» **Problem requirements**
Beginning at the line containing "AC Milan Short", repeat each line below exactly up to and including the line containing "Set of water drops. Vector illustration.". Do not repeat the pictures.

» **Dataset content**
BEGIN

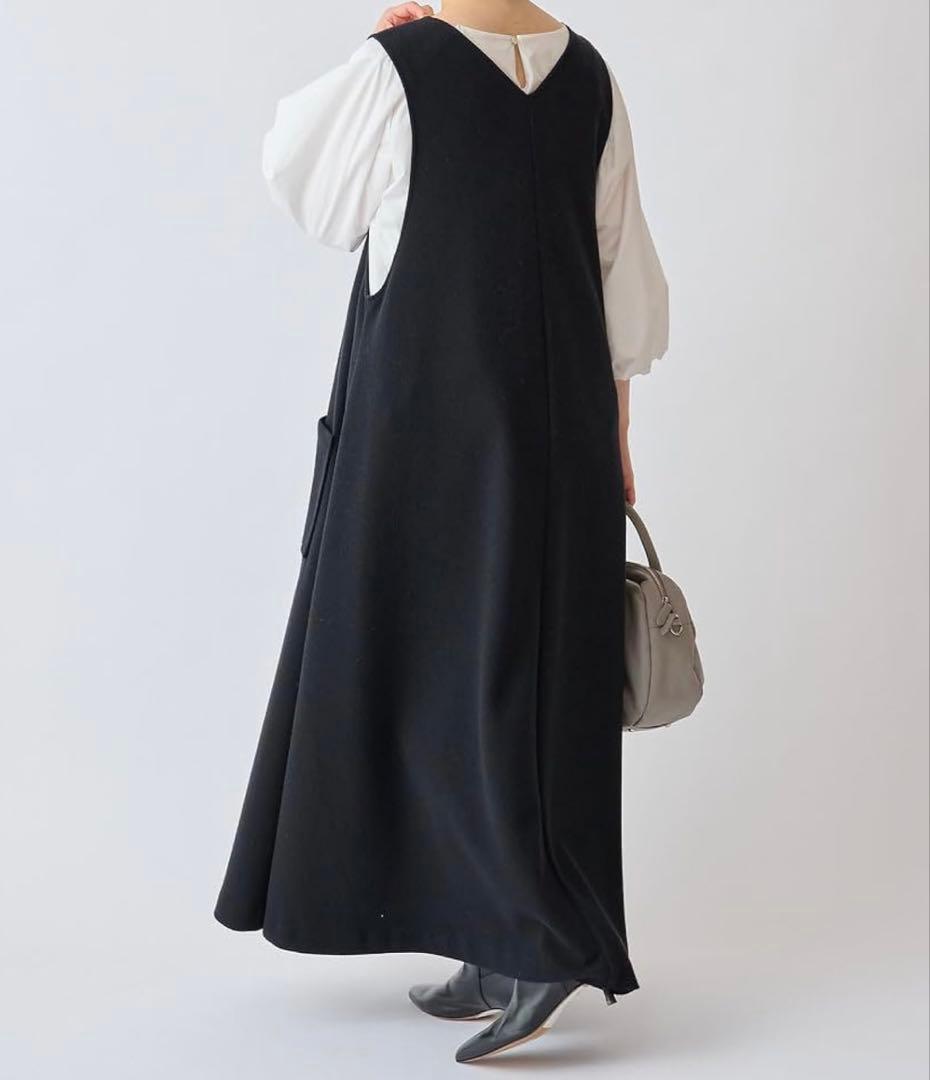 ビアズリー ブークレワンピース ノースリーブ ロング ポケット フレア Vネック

END
BEGIN

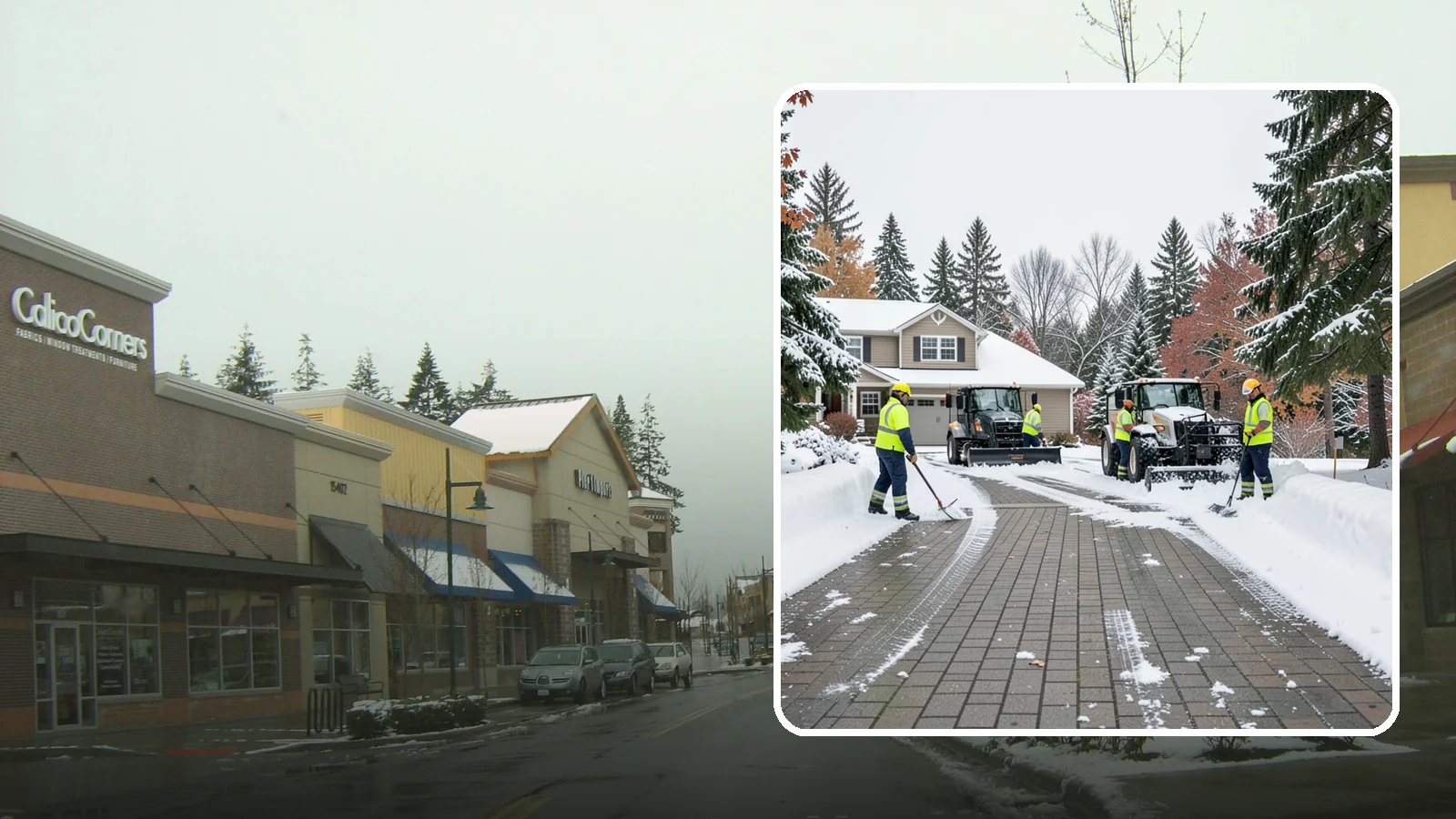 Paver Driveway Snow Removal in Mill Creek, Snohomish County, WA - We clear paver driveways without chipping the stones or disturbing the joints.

END
BEGIN

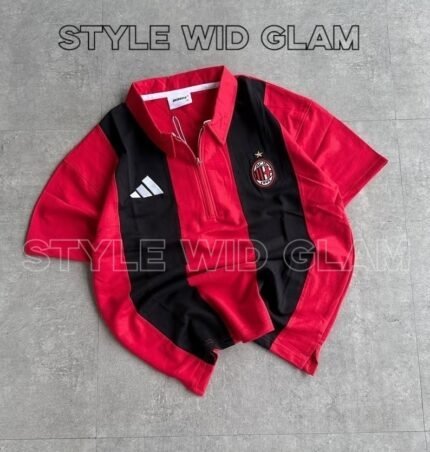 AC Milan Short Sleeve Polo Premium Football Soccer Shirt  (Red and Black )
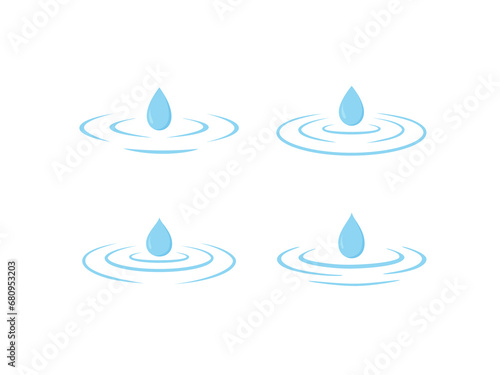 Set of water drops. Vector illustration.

END

» **Answer for this exercise**
 AC Milan Short Sleeve Polo Premium Football Soccer Shirt  (Red and Black )
 Set of water drops. Vector illustration.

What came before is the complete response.